⟨

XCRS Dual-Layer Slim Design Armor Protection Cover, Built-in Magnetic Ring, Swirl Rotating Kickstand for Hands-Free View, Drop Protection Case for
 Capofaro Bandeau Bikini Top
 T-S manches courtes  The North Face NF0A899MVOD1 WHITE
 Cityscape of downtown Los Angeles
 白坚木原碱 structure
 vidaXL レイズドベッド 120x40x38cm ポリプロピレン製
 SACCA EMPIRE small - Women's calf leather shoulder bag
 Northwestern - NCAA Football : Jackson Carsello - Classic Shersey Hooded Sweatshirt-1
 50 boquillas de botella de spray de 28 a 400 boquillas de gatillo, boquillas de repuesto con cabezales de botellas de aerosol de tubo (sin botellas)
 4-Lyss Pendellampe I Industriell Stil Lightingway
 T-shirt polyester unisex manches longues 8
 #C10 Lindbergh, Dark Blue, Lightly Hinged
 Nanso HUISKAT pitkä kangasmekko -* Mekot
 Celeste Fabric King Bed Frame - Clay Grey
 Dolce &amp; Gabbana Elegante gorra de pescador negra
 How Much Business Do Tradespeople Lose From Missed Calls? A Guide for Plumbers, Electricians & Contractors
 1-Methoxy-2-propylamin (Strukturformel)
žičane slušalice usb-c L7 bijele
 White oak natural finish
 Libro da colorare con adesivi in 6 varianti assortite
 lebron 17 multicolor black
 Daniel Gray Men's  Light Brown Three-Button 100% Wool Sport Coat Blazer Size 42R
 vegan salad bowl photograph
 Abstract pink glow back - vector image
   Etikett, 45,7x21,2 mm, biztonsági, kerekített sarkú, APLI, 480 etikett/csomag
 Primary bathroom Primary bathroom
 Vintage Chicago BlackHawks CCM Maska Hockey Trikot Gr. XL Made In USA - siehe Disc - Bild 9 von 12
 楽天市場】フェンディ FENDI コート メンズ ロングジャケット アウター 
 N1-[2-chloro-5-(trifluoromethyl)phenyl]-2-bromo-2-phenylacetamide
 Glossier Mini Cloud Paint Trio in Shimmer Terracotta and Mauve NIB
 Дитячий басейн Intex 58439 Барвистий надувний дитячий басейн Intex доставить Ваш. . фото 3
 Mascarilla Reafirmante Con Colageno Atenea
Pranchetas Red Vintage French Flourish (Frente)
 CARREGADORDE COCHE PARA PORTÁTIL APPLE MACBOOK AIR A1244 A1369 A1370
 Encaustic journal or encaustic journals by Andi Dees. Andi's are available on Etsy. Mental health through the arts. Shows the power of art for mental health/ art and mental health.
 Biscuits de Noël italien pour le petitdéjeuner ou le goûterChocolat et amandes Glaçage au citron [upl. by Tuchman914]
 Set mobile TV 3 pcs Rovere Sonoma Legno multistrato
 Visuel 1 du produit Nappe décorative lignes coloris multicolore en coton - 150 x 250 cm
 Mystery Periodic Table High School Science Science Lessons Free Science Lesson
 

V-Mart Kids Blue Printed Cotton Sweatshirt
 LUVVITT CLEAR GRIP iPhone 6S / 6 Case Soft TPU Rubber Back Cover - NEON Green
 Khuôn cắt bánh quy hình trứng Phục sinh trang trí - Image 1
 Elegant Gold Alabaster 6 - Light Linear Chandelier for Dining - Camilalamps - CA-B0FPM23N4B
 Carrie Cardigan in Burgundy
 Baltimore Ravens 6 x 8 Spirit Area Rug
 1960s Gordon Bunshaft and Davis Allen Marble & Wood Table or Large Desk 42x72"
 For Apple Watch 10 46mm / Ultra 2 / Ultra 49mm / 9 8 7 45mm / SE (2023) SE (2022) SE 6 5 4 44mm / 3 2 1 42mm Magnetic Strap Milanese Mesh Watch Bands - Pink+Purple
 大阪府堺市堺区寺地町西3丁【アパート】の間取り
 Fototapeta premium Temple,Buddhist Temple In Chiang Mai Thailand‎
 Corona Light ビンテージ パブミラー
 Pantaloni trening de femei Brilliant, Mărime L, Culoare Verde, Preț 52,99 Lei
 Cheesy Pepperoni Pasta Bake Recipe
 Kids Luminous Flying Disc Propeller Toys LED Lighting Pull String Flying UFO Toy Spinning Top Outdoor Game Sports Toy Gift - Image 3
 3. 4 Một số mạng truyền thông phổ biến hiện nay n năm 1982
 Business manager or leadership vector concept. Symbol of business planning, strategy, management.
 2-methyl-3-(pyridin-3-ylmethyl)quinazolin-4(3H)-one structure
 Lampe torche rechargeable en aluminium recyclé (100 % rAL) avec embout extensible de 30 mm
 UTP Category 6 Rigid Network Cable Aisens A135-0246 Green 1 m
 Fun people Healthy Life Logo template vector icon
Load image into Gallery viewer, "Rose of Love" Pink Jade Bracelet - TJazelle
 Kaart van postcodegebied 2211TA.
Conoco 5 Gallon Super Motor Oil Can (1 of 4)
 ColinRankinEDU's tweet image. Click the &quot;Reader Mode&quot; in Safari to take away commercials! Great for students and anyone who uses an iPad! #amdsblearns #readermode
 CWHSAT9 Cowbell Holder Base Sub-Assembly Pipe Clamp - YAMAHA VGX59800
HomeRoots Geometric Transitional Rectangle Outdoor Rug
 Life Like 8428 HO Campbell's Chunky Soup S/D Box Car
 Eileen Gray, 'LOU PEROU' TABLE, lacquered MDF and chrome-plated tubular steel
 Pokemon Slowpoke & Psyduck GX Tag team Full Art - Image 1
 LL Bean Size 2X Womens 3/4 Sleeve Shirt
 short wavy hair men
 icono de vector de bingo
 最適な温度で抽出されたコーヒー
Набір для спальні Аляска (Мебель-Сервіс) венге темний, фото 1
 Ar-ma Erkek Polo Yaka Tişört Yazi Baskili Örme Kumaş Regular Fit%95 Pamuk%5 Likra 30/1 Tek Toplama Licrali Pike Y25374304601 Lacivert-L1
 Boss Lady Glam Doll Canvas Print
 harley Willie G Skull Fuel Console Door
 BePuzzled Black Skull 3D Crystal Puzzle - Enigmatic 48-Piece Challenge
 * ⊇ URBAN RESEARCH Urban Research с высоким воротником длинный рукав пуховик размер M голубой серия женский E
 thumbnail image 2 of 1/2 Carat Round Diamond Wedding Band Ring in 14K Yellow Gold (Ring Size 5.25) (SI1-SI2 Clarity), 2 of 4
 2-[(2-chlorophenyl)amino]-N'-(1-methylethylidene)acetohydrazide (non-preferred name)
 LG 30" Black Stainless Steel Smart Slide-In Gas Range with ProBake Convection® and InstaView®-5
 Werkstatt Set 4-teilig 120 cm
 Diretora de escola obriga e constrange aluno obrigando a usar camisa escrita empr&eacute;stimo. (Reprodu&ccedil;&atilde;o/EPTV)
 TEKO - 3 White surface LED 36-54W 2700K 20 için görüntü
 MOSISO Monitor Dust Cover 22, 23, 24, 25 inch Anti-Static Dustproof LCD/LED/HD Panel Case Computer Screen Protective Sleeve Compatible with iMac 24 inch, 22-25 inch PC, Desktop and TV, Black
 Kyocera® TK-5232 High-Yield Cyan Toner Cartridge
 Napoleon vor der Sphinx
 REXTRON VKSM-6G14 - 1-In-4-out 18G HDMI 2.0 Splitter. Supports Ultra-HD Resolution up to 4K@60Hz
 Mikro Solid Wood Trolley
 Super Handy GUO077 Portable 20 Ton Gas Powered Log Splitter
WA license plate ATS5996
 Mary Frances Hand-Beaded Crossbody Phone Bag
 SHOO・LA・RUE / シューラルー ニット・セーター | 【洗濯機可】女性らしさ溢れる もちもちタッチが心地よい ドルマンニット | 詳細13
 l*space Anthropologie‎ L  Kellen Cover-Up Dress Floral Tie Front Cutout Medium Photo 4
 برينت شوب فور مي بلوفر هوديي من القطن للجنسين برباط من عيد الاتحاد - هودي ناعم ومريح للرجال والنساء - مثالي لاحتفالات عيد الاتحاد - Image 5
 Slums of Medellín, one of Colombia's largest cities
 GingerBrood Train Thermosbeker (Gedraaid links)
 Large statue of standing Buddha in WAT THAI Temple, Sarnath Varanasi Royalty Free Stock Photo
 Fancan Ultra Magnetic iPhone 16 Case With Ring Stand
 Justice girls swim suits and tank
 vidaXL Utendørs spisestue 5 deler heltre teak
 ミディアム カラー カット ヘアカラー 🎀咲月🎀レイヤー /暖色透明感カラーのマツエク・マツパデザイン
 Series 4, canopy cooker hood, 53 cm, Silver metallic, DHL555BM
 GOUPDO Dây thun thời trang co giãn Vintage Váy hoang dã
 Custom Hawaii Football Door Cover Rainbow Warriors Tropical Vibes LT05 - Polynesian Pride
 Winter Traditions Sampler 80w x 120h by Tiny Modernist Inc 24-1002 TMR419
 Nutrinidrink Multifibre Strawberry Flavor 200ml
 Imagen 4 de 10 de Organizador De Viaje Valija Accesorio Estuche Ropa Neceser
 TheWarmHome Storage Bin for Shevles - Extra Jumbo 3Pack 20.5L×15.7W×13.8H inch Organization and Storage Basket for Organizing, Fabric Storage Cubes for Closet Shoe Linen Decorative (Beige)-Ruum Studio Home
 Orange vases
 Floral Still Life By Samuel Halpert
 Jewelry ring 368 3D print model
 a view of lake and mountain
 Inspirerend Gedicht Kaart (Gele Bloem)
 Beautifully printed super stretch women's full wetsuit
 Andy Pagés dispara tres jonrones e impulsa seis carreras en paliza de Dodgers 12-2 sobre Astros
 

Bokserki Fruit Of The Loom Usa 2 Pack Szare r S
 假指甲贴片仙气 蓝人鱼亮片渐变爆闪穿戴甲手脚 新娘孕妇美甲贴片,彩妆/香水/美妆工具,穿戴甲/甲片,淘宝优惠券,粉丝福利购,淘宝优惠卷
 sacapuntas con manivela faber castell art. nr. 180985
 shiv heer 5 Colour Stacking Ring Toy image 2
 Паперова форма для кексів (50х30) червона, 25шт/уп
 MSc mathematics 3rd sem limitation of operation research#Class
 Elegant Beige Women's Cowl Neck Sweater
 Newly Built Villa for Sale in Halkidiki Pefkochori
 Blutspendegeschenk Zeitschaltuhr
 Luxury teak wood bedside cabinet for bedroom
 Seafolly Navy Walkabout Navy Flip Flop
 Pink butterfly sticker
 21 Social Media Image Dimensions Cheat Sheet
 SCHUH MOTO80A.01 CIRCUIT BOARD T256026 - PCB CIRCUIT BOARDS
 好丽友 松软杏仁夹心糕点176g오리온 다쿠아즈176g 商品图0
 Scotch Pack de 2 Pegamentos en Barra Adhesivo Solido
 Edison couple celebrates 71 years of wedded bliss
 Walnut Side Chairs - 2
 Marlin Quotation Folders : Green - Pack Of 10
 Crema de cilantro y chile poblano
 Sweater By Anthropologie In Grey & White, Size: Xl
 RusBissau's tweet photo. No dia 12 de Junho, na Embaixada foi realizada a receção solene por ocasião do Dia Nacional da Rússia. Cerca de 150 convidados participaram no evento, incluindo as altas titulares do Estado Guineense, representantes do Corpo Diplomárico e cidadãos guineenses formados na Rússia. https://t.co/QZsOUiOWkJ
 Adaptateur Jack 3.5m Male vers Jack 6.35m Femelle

⟩

When a line in the records contains the string "Built", it counts; state how many lines count, with no other words.

2